Unfortunately the film manages to be a relatively boring, predictable, and lengthy look at the plight of the Jewish peoples of Europe during the early days of the National Socialist Party's rise to prominence. At two hours and six minutes in length, Invincible deals with a complex and tense point in time through the standard and almost paint by the numbers series of plot points and dialogue. Things simply happen and characters simply do things because that's what they are supposed to do to further the story along in it's leisurely pace. The talent, aside from Tim Roth, simply say their lines with roughly the same emotion and conviction as one might find in a middle school stage play. There are brief glimpses of real feeling such as in Tim Roth's monologues spoken almost directly to the viewer, or Udo Kier's expression of the Nazi's lack of style to Goebbels. However the majority of the lines are great;y understated. It is also unfortunate that at times the writing feels out of place and unmotivated simply to make a statement upon the Nazi party.

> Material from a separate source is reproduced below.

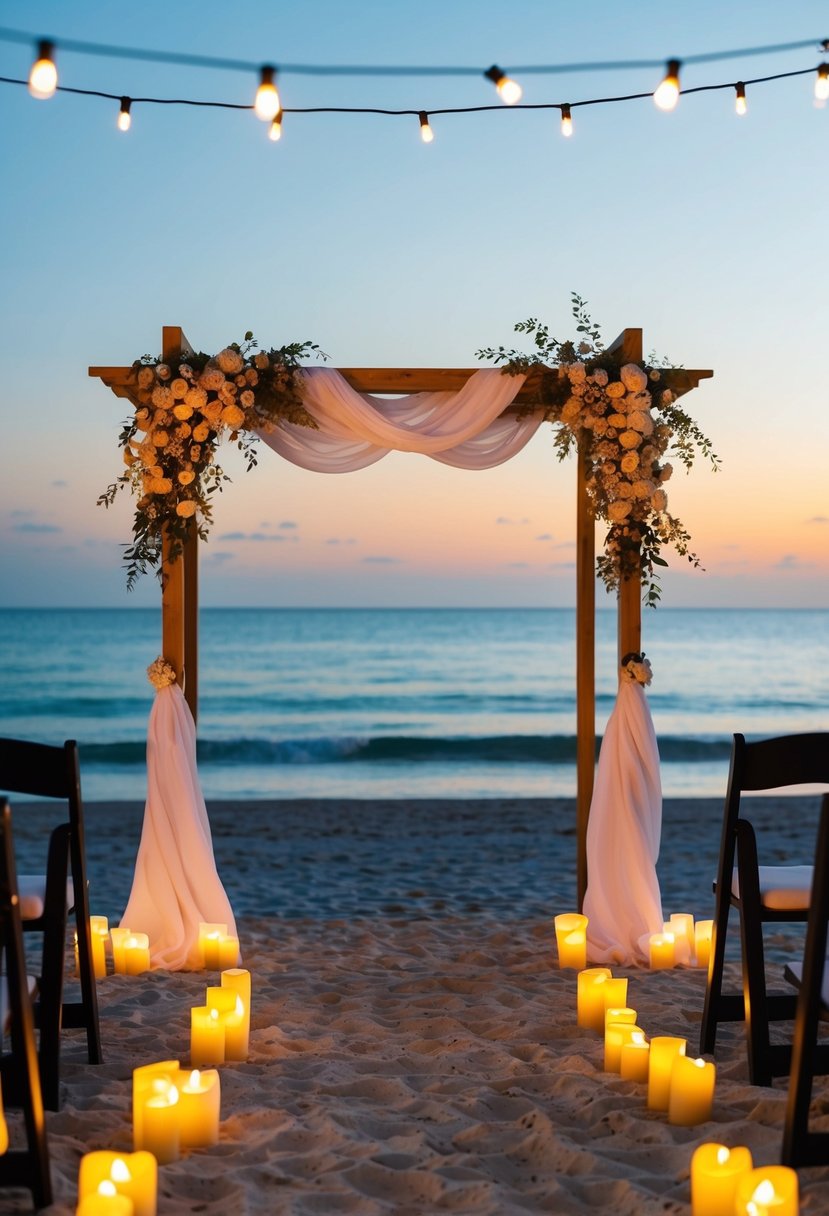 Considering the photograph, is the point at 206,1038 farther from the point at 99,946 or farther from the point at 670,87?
the point at 670,87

The film also feels very much like a documentary. The dialogue is not written for the ear as professionals like to say, with lines broken up by filler words such as “like” and “I mean”. The shots are either hand held following a moving character or simply static despite what interesting visuals may or may not be happening around the camera. It also suffered from poor scene transitions, which were frequently long fade to blacks that seemed more suited to a commercial break in a television show than a simple scene transition.

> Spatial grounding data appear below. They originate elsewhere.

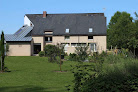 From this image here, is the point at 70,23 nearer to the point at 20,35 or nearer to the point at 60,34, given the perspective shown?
the point at 60,34

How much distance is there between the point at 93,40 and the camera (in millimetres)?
47875

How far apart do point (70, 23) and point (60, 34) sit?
3.75 metres

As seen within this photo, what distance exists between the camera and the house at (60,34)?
46.5 metres

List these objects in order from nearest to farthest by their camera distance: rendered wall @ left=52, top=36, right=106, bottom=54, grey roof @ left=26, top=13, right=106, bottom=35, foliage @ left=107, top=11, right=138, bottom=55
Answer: foliage @ left=107, top=11, right=138, bottom=55 → rendered wall @ left=52, top=36, right=106, bottom=54 → grey roof @ left=26, top=13, right=106, bottom=35

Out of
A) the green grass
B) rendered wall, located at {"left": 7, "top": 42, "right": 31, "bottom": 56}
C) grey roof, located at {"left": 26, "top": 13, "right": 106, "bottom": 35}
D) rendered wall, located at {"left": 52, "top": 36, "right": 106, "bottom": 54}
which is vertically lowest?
the green grass

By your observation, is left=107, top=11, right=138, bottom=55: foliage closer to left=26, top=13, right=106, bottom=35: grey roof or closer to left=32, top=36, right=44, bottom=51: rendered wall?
left=26, top=13, right=106, bottom=35: grey roof

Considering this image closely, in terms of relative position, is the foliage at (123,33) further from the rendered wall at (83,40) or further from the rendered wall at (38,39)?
the rendered wall at (38,39)

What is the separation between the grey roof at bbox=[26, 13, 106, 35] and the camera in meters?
48.4

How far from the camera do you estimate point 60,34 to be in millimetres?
48312

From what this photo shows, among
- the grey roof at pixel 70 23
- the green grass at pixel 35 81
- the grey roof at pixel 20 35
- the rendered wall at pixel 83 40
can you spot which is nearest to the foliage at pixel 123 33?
the rendered wall at pixel 83 40

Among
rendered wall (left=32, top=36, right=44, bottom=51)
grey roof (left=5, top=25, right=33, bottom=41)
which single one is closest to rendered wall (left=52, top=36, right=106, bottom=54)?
rendered wall (left=32, top=36, right=44, bottom=51)

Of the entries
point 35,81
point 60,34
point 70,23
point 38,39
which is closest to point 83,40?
point 60,34

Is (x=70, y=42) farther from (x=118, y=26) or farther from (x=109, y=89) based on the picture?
(x=109, y=89)

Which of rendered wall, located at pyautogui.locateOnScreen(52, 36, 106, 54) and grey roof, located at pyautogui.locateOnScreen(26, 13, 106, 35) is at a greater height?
grey roof, located at pyautogui.locateOnScreen(26, 13, 106, 35) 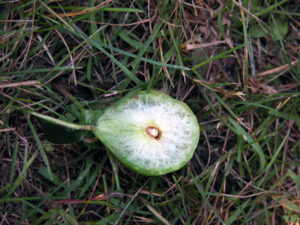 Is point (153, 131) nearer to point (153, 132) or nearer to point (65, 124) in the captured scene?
point (153, 132)

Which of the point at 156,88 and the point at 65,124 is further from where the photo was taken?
the point at 156,88

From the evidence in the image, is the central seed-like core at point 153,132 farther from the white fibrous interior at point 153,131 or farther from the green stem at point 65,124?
the green stem at point 65,124

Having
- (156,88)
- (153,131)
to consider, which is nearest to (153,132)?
A: (153,131)

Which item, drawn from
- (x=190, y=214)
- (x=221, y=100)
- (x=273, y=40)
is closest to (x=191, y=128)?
(x=221, y=100)

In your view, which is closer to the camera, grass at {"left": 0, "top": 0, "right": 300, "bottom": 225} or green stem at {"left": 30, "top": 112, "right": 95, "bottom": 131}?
green stem at {"left": 30, "top": 112, "right": 95, "bottom": 131}

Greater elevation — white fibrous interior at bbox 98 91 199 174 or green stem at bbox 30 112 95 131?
green stem at bbox 30 112 95 131

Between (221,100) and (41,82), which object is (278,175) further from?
(41,82)

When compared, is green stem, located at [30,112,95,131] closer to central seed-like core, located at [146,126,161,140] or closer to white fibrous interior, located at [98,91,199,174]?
white fibrous interior, located at [98,91,199,174]

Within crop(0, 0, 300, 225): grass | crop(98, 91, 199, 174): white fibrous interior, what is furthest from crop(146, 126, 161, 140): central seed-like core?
crop(0, 0, 300, 225): grass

I will say that despite the flaws which I have already stated, there are good parts to the feature. The premise is interesting, as with most of the Herzog works that I have scene there are certainly compelling points of commentary within the film, Tim Roth provides an outstanding performance as the Jew trying to pass as a Nazi, and when viewed simply as an allegory for the situation of an entire group of people in a turbulent point in human history it draws many excellent parallels. Unfortunately, such positive aspects do not make up for the negative, and while Invincible was not necessarily a bad film, it was far from entertaining or good enough for me to suggest to you, our readers.